SNAP's Fading Work Requirements

SNAP's Fading Work Requirements

Americans want to provide assistance to poor families going through tough times. For most of its history, the Supplemental Nutrition Assistance Program (SNAP), formerly known as food stamps, has fulfilled that goal by ensuring that poor Americans could put food on the table. But when economic factors improve and jobs are available, the need for SNAP should decline. Unfortunately, policy choices since 2000 have weakened SNAP so that it is not responding properly to improving economic conditions, promoting work successfully, or maintaining its focus on the poor.

After the recession ended in 2009, average monthly SNAP participation continued increasing, climbing from 33.5 million to 46.5 million in 2014. It remained over 45 million as recently as May 2015. This was unexpected. In 2010, the Congressional Budget Office (CBO) had predicted that participation would be down to 39.6 million by 2015.

Before the year 2000, SNAP caseloads and the unemployment rate moved in tandem. When the economy hit a rough patch, food stamps provided help, and when things improved, the number of recipients, after a short delay, dropped. After 2000, the pattern changed: Enrollment increased even with improvements in the economy. As one USDA official explained, SNAP caseload changes have slightly lagged behind economic conditions in the past, but "the current lag is longer than ever before."

This new trend is troubling, and since the CBO underestimated SNAP's growth before, the agency's current prediction that participation will drop to 37.5 million by 2020 seems overly optimistic. It now appears that caseloads are staying high because the program has substantially changed.

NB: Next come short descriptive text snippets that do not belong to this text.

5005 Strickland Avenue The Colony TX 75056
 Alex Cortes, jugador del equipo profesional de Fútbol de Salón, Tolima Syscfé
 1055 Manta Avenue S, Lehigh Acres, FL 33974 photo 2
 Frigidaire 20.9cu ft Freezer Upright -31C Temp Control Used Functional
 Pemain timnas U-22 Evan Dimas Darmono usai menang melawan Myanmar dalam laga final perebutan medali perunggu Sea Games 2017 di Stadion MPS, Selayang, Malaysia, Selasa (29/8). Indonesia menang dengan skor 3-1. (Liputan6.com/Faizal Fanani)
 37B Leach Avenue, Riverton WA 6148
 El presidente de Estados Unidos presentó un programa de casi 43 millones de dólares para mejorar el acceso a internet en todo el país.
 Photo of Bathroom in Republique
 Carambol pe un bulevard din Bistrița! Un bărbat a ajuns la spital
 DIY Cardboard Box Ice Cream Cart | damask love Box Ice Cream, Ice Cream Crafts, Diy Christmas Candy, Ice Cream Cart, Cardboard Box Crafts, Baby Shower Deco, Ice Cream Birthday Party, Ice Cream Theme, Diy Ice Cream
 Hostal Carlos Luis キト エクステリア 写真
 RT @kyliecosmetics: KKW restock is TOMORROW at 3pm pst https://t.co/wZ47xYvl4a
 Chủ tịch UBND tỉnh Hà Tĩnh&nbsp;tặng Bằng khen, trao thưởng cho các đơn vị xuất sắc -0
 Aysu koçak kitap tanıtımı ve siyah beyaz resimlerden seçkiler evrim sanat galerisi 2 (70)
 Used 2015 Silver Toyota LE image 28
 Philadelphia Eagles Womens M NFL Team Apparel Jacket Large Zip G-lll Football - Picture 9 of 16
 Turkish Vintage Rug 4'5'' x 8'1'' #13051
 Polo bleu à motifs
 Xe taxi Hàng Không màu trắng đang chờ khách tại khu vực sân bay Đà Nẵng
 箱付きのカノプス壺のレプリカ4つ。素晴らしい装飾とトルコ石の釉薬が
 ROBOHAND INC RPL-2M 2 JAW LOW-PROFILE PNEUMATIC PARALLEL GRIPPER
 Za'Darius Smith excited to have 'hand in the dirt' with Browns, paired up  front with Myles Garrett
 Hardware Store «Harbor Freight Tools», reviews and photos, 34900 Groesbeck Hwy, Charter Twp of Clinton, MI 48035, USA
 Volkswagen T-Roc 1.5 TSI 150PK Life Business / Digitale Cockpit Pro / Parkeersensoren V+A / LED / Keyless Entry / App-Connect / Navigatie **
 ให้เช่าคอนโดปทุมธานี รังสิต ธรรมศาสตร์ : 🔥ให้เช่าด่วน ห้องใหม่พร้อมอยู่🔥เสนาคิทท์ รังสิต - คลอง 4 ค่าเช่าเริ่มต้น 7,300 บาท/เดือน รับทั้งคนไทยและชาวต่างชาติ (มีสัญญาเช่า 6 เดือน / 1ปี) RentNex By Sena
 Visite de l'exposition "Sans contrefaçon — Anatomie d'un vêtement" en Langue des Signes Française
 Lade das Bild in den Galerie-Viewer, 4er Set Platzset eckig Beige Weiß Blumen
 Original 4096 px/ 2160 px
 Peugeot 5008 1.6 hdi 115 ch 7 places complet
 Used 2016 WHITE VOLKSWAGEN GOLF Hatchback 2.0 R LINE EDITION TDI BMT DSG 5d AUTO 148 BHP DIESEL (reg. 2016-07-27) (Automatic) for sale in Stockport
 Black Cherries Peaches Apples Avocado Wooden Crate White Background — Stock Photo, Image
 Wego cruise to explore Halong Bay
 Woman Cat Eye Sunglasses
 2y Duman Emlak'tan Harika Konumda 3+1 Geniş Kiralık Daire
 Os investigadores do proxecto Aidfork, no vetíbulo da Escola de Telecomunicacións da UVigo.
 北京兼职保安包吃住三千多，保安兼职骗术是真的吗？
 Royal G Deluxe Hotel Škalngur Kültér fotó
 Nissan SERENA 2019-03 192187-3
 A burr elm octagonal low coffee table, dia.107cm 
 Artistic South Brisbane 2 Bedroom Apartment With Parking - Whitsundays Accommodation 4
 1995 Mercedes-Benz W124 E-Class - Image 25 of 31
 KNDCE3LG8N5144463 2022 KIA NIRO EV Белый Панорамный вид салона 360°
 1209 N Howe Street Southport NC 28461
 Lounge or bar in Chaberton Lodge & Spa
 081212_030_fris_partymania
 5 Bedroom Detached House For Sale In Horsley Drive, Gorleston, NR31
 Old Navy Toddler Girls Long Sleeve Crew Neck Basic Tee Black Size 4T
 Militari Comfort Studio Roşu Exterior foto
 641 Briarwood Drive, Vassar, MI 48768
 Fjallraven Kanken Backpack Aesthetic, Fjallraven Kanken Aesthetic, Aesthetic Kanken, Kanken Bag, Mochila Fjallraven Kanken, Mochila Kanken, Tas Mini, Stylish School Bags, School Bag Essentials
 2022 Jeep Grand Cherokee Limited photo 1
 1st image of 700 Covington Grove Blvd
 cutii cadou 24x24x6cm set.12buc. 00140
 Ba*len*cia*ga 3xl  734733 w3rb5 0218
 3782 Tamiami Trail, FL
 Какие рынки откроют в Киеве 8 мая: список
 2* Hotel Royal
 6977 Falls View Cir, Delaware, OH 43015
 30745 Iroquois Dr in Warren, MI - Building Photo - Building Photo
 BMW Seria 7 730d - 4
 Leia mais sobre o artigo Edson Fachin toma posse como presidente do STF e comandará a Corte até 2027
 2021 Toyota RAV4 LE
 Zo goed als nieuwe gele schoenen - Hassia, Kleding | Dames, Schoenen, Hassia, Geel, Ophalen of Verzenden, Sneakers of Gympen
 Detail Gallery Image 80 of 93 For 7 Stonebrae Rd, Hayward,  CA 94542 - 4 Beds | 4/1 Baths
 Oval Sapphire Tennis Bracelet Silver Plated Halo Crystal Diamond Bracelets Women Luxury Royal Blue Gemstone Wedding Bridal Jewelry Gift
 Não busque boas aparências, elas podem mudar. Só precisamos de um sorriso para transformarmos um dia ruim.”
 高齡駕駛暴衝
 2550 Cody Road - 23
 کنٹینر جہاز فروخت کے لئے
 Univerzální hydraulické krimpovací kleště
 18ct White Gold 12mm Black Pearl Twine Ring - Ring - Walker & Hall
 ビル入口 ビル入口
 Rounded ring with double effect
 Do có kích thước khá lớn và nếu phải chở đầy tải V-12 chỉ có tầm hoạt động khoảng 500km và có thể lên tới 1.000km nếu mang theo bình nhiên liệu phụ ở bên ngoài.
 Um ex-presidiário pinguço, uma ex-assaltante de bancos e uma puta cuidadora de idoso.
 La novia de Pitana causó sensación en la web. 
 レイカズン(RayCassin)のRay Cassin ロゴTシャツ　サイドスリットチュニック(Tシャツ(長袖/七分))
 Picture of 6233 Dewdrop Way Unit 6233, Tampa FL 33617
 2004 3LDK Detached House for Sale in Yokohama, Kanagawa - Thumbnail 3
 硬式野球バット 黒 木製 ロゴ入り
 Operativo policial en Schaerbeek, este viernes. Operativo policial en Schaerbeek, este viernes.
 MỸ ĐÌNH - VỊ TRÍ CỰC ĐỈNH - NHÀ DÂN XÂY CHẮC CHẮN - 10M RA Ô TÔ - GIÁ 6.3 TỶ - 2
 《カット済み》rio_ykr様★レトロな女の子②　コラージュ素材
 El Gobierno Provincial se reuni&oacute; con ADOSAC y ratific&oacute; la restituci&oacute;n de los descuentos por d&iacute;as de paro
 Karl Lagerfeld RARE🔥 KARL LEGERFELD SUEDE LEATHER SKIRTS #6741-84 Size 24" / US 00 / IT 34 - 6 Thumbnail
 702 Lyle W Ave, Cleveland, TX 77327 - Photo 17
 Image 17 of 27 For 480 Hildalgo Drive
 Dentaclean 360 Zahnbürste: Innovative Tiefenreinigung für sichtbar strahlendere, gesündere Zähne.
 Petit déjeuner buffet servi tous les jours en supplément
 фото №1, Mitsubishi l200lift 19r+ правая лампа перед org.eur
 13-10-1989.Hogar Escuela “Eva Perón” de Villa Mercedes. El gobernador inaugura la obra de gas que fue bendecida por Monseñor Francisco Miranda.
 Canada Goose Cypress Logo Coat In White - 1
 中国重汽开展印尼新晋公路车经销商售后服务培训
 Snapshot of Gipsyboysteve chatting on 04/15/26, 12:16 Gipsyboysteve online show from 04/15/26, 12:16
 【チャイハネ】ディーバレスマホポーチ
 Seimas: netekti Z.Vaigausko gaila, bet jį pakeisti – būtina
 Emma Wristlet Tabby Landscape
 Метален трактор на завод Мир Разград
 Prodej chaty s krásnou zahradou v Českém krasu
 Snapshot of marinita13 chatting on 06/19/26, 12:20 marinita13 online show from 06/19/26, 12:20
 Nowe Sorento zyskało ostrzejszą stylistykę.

In the years after welfare reform in 1996, SNAP became a work-support program for individuals who were able to work but earned little. And that is a good thing — American social policy should help low income working families. But increasingly, recipients who could be working are not. Since the year 2000, the share of able-bodied, non-elderly recipients who work has dropped from nearly half to only 37 percent.

A third concerning trend is that SNAP benefits are more often going to individuals who are not poor. Today, almost four in ten SNAP recipients make more than 130 percent of the poverty level in a year ($31,518 for a family of four) — a 30 percent increase since 2001.

These trends are largely caused by policy choices. First, in 2000, the Clinton administration issued a regulation allowing "broad-based categorical eligibility." This may sound like technical language, but it fundamentally changed the program by allowing states to enroll anyone who gets any aid or service from the federal welfare program. As a result, 42 jurisdictions make households categorically eligible for food stamps by passing out brochures or 1-800 numbers and counting that as a "service." Recipients who become eligible this way do not have to pass SNAP's long-standing income and asset tests, and merely need to show that they have income less than double the poverty line (which is $48,500 annually for a family of four). Likewise, changes in reporting requirements in the 2002 Farm Bill made it easier for recipients in many states to continue to receive SNAP even after their income rises. These changes have increased the total number of recipients and the share with higher incomes.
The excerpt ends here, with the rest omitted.